WHAT YOU NEED TO DO: The response should consist of every line below, restated exactly, with no pictures.

+++++

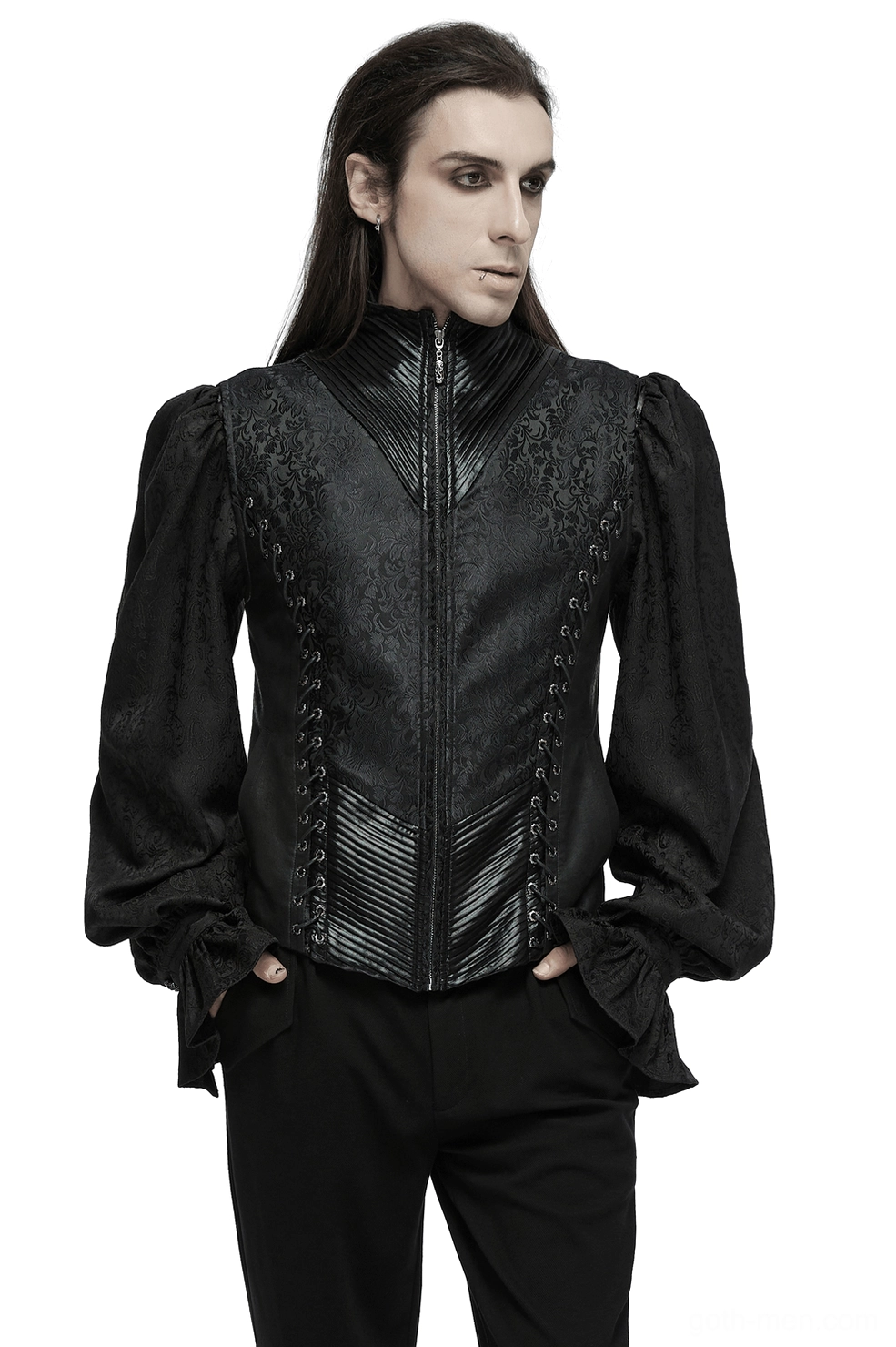 Black gothic jacquard waistcoat with ornate lace-up sides - front view on model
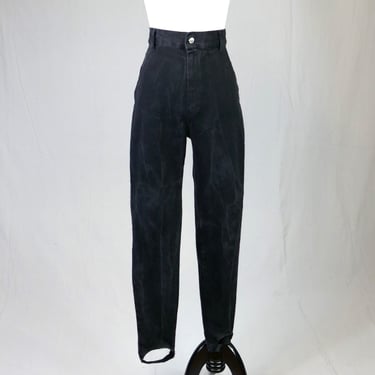 80s Stretch Stirrup Jeans - 27" waist - Faded Black - High Rise Waisted - No Boundaries - Vintage 1980s - S 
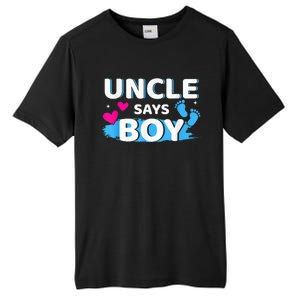  Gender reveal uncle says boy matching family baby party Tall Fusion ChromaSoft Performance T-Shirt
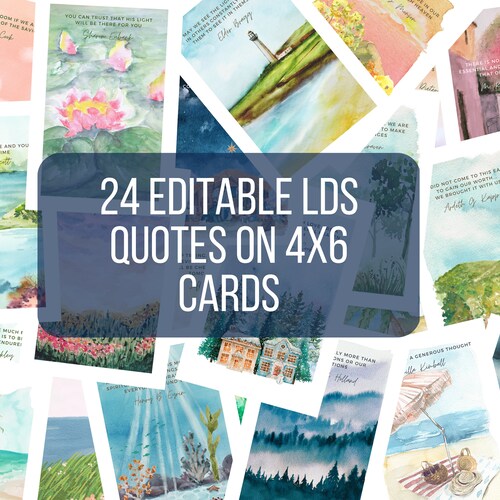 LDS Church Quotes on 4x6 Cards Editable Canva Templates - Etsy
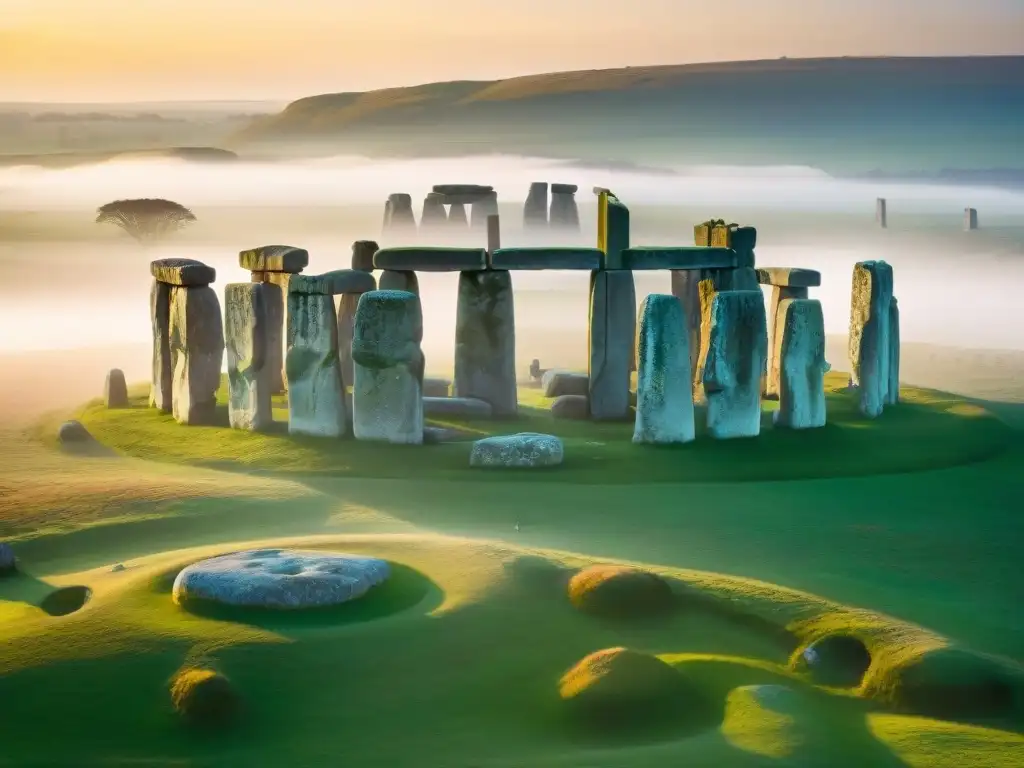 Misterioso Stonehenge al amanecer durante un eclipse, envuelto en niebla, revelando su conexión con los eclipses prehistoria Stonehenge misterios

+++++

SOLUTION:
 Black gothic jacquard waistcoat with ornate lace-up sides - front view on model
 80s Stretch Stirrup Jeans - 27" waist - Faded Black - High Rise Waisted - No Boundaries - Vintage 1980s - S 
  Gender reveal uncle says boy matching family baby party Tall Fusion ChromaSoft Performance T-Shirt
 LDS Church Quotes on 4x6 Cards Editable Canva Templates - Etsy
 Misterioso Stonehenge al amanecer durante un eclipse, envuelto en niebla, revelando su conexión con los eclipses prehistoria Stonehenge misterios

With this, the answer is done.